Кукла и комедиант | страница 52
Клигис насупился:
— Ты, Улдис, как погляжу, безбожник, коли так… У души ни ног нет, ни третьей ножки.
За дверью послышался грохот, и в людскую весело ввалился Придис. Кинул на стол пилу и два топора.
— Пила что крапива, топоры сами в комель лезут. Давай-ка в лес, там семь потов спустишь, ни про баб, ни про девок не будешь думать.
16
Клигис вывозил нарубленное, мы с Придисом работали в бору километрах в четырех от усадьбы. Стройные сосны, сверкающий снег, царство тишины. Я вступил сюда, как в первозданный девственный мир. Время, рождающееся с восходом дня и сжигающее себя в костре заката, останавливалось вместе со мной.
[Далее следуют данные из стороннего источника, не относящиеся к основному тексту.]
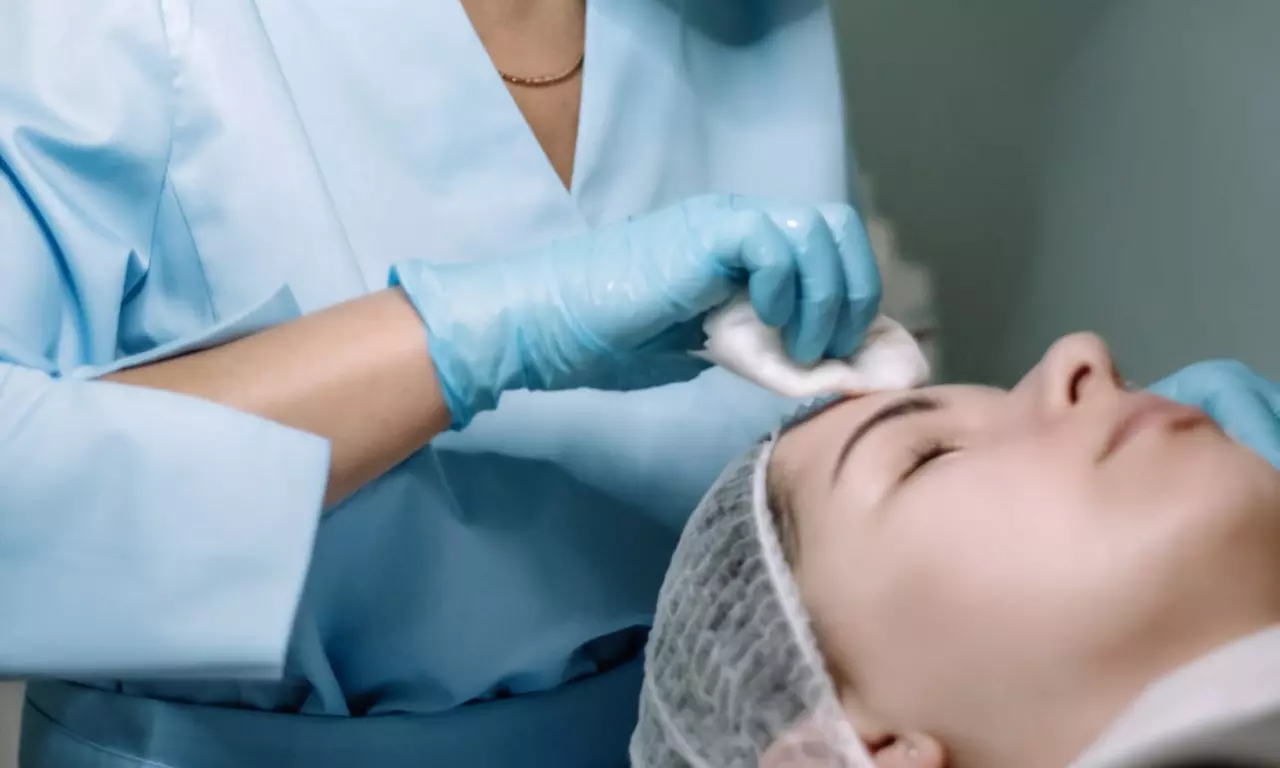 Masaż twarzy, głowy oraz оbszaru  dekoltu i więcej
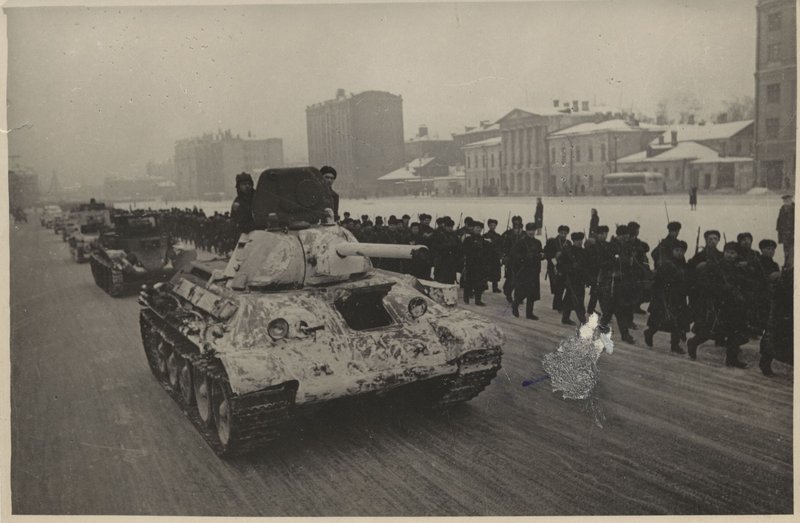 Танки, отправляющиеся на фронт, проходят по улицам Москвы.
Только мерное повевание вершин, сознание, что ты живешь, и над всем воля творца — бысть! И бысть так: зубы металла въедаются в вечность, рвут ее в щепки, сосны рушатся и обнажают холодную серую пелену небосвода. Мы умерщвляем. Сколько сосен выросло из первого посева? По какому праву их умерщвляют? По какому праву умерщвляем мы деревья, которыми топим, животных, которых поедаем, траву, которую топчем? По какому праву человек умерщвляет человека — например, вождь племени ньям-ньям, которому хочется умять коричневый окорочек и пюре из мозгов врага, чтобы присвоить себе его силу и ум? Что же такое каннибальство — причина или следствие войны? Я бью обухом топора по стволу, удар разносится далеко — до самых «Клигисов», «Зираков», «Приедкалнов». Старый колдун, явись и открой тайну своего «слова»! Может, ты обманешь господа бога, может, все силы ада, но не себя, и в тот миг, когда сделаешь возможным невозможное, ты погиб и пропал — ты задушишь самого себя, черту не придется тебя душить, ты задушишь себя в шелковых перчатках, без стонов, с улыбкой. Разве может быть страшнее смерть, чем проникнуть в пустоту, которая осталась вместо самого человека?
Я говорю Придису:
— Жалко, что с Приедкалном ушло все колдовство. Нам бы пригодился какой-нибудь фокус из области черной магии.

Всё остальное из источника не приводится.